RULES AND REGULATIONS
     1. Tenant, its officers, agents, servants, and employees shall not block or obstruct any of the entries, passages, doors, hallways or stairways of the Building or Warehouse, or place, empty or throw away any rubbish, litter, trash or material of any nature into such areas, or permit such areas to be used at any time except for ingress or egress of Tenant, its officers, agents, servants, employees, patrons, licensees, customers, visitors, or invitees.
     2. The movement of furniture, equipment, machines, merchandise or materials within, into or out of the Leased Premises shall be restricted to time, method and routing of movement as reasonably determined by Landlord upon request from Tenant and Tenant shall assume all liability and risk to Property, Leased Premises and Building with respect to such movement.
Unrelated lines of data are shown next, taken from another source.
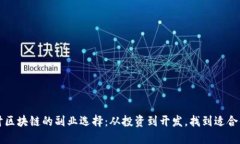 深入探讨区块链的副业选择：从投资到开发，找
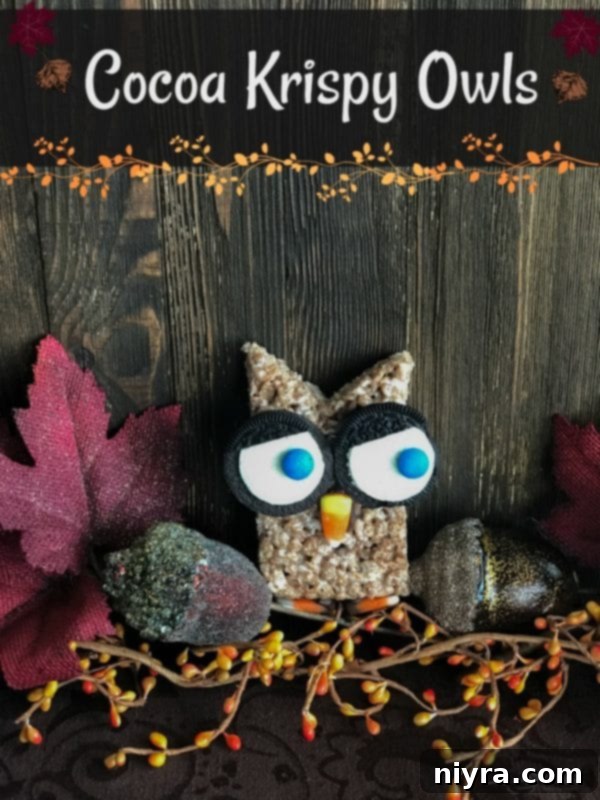 Finished Cocoa Krispy Owls on a wooden board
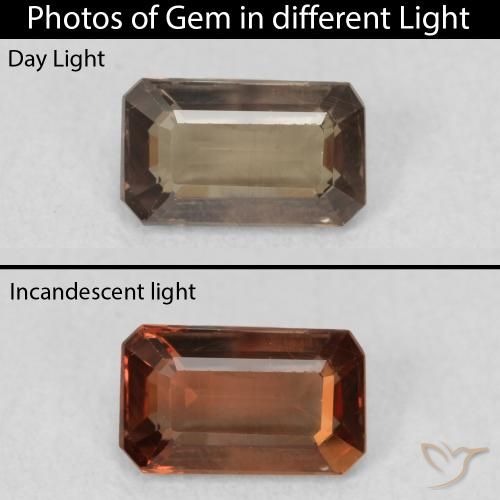 1.02ct 天然 Medium Dark-Brown 变色石榴石, 祖母绿式切割, VS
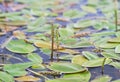 Broad-leaved pondweed Royalty Free Stock Photo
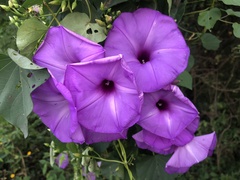 Ipomoea pedicellaris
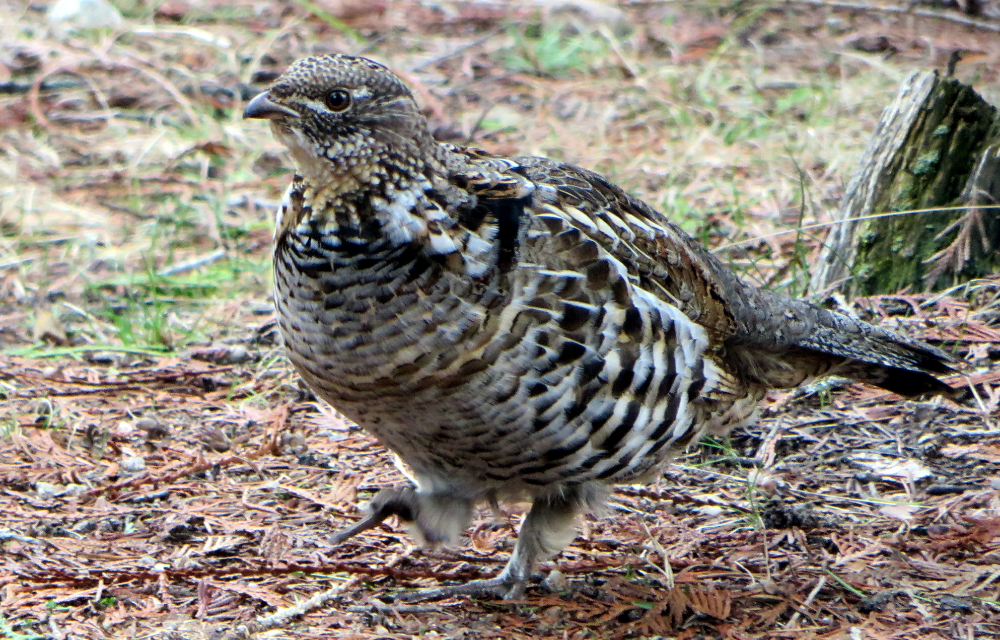 25736397830_79e3ccd63c_oGrouse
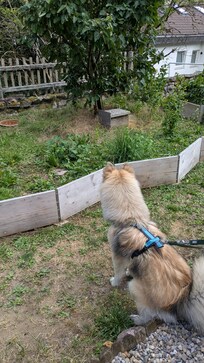 Fremdartiger Mitbewohner im Garten...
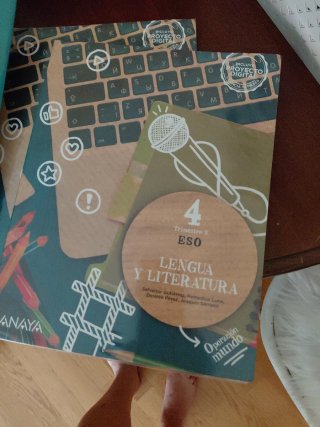 Lengua y Literatura, 4 ESO, Operación mundo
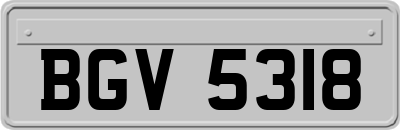 BGV5318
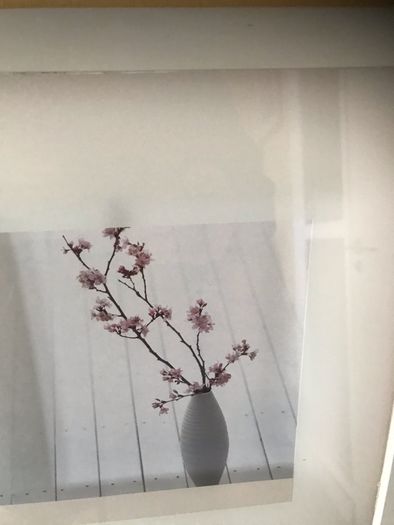 Framed Floral Print Set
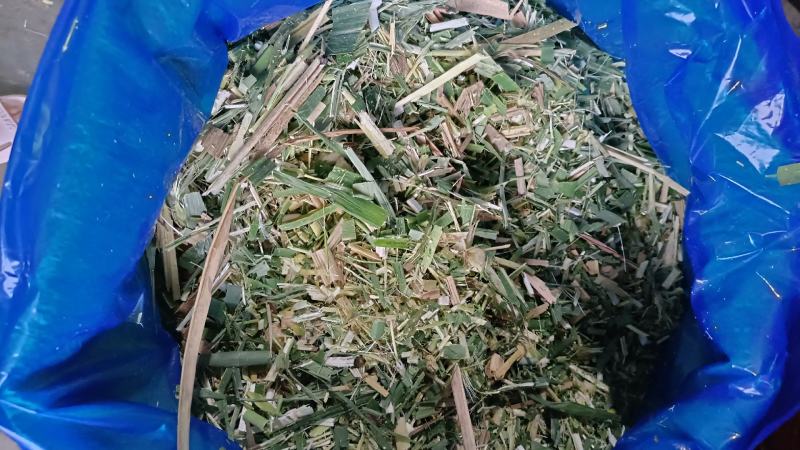 压块青储饲料牛羊畜牧草饲料优质牧草巨菌草青储草料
Tenant shall not move furniture, machines, equipment, merchandise or materials within, into or out of the Building, Leased Premises or Warehouse facilities without having first obtained a written permit from Landlord twenty-four (24) hours in advance. Safes, large files, electronic data processing equipment, any other heavy equipment or machines shall be moved into Leased Premises or Building only with Landlord’s written consent and placed where directed by Landlord.
     3. Landlord will not be responsible for lost or stolen personal property, equipment, money or any article taken from Leased Premises, regardless of how or when loss occurs.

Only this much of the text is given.